Quando carabinieri e vigili del fuoco sono arrivati sul posto, la situazione era già particolarmente delicata. Mentre il palazzo veniva avvolto dal fumo e dalle fiamme, in strada c’era un ragazzo che impugnava una pistola e sparava colpi in aria.
In strada con una pistola: era una scacciacani
L’arma, fortunatamente, si è rilevato essere una pistola scacciacani. I militari sono riusciti in pochi minuti a raggiungere il giovane, disarmarlo e ricostruire quanto accaduto.
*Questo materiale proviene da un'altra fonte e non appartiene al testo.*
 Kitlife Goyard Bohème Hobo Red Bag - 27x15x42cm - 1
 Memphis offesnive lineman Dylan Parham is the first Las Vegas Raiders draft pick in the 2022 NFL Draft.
Si tratta di un 25enne italiano, residente proprio nella palazzina. Secondo quanto ricostruito dai carabinieri, sarebbe stato lui a provocare volontariamente l’incendio all’interno del proprio appartamento. Il giovane risulta inoltre già in cura per problemi psichiatrici. Per il 25enne è quindi scattato l’arresto con l’accusa di incendio doloso.
Evacuati tutti gli abitanti
Nel frattempo, vigili del fuoco e carabinieri hanno proceduto all’evacuazione dell’intero stabile. Le operazioni hanno permesso di mettere in salvo tutti gli abitanti, tra cui anche minori e persone con disabilità.
Sul posto sono intervenuti i carabinieri delle stazioni di Busto Garolfo e Nerviano, insieme ai colleghi del Radiomobile di Legnano, dopo la segnalazione dell’incendio. Non si registrano feriti, ma i danni provocati dalle fiamme hanno reso necessario dichiarare inagibile l’intera palazzina.
Le indagini sull’incendio
Gli investigatori hanno ricostruito la dinamica partendo proprio dalla presenza del 25enne davanti allo stabile. Il giovane, che viveva nell’appartamento dal quale sarebbero partite le fiamme, è stato trovato mentre sparava in aria con la pistola a salve.
Gli accertamenti dei carabinieri hanno quindi portato all’ipotesi di incendio appiccato volontariamente, facendo scittare l’arresto del ragazzo.